Sunday, April 19, 2020

statistical and password-based memory protection

I've recently had an interesting online conversation with Terry Lambert (whom I know from the FreeBSD times) about the memory protection that resulted in I think a new and interesting idea, that I want to write down here.

Terry was talking about the statistical memory protection. I'm not sure if he invented it, or at least the term, since I can't find it anywhere else. Terry gives the related links but none of them are exactly about that:


The statistical memory protection works by having a large common address space where the protection is achieved by allocating memory at random addresses, so the address itself serves as a password. Plus the same physical page can be mapped at different addresses with different permissions, so knowing one address would give the write access while another one the read-only access.

As far as I see it, the major benefit of this system would be in the ability to pass the complex data structures linked by pointers between processes. With the address map being common, the pointers would work in any process. This gives cheap and convenient "mailboxes" for exchanging messages between processes.

This would have multiple potential problems too.

One is the “password leakage” that is also mentioned in one of the papers. Once a password gets out, it can be saved and passed around. With the separate addresses for RO and RW access to the same page this could get pretty bad:  if one of these pointers in an RO page accidentally refers to the RW address, the permission leaks. And actually the whole passing of pointer-connected structures breaks down because the writer and reader would have to use different pointers (with RO and RW addresses). 

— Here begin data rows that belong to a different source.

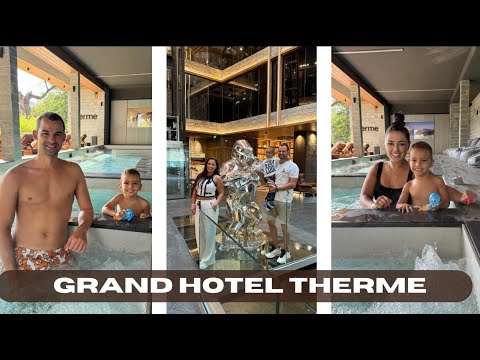 Видео: 3 дни пълен релакс в Grand Hotel Therme 💦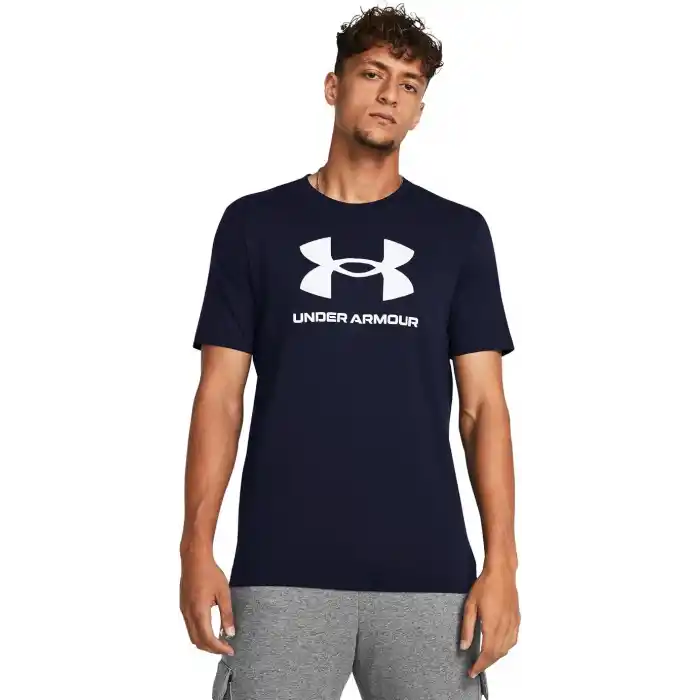 Under Armour UA SPORTSTYLE LOGO UPDATE SS Tişört Erkek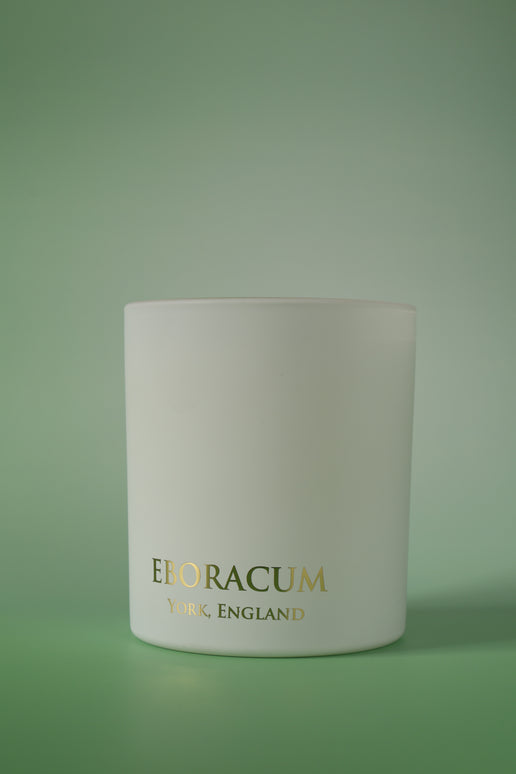 Museum Gardens York City Candle (Geranium, Woods, Citrus and Eucalyptus)
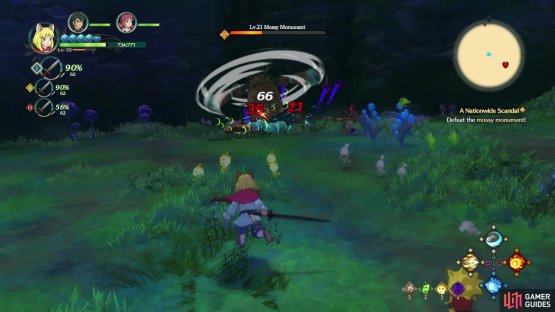 and also spin its entire upper body around to deter melee attackers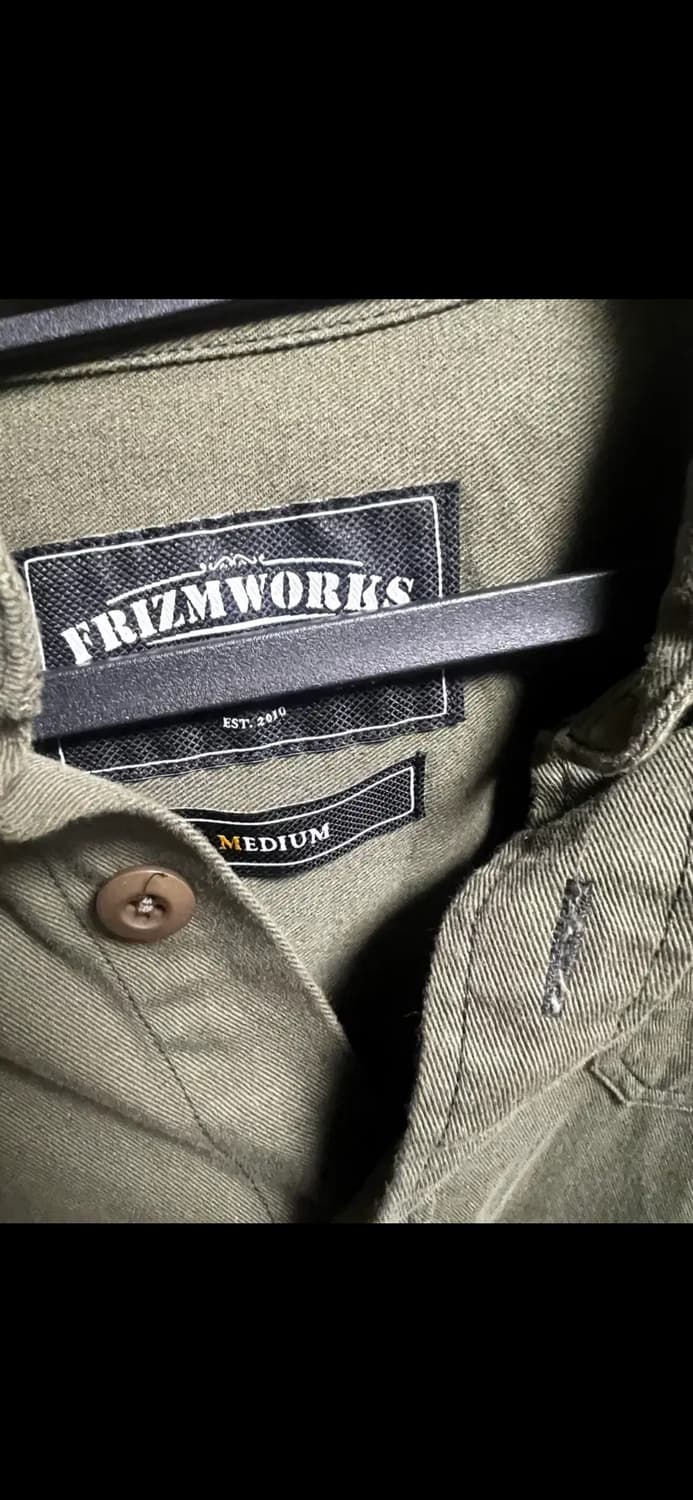 프리즘웍스 유틸리티 셔츠 자켓 새상품 상품이미지5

Another issue, the memory segments would have to be allocated at the globally unique random addresses, which would have to be a synchronized operation. Considering that the segments have to be spaced far enough form each other, that would consume a sizable number of bits and degrade security of the passwords. 

This would also be susceptible to the brute-force attacks: maybe the attack won’t enumerate the whole address space but it can start with a random point and just see what can be found there. It won’t always be lucky, but sometimes it would. Another way of the attack would be to stick incorrect pointers into the shared pages, hoping that the other process reading the pointer from that page would cause some damage.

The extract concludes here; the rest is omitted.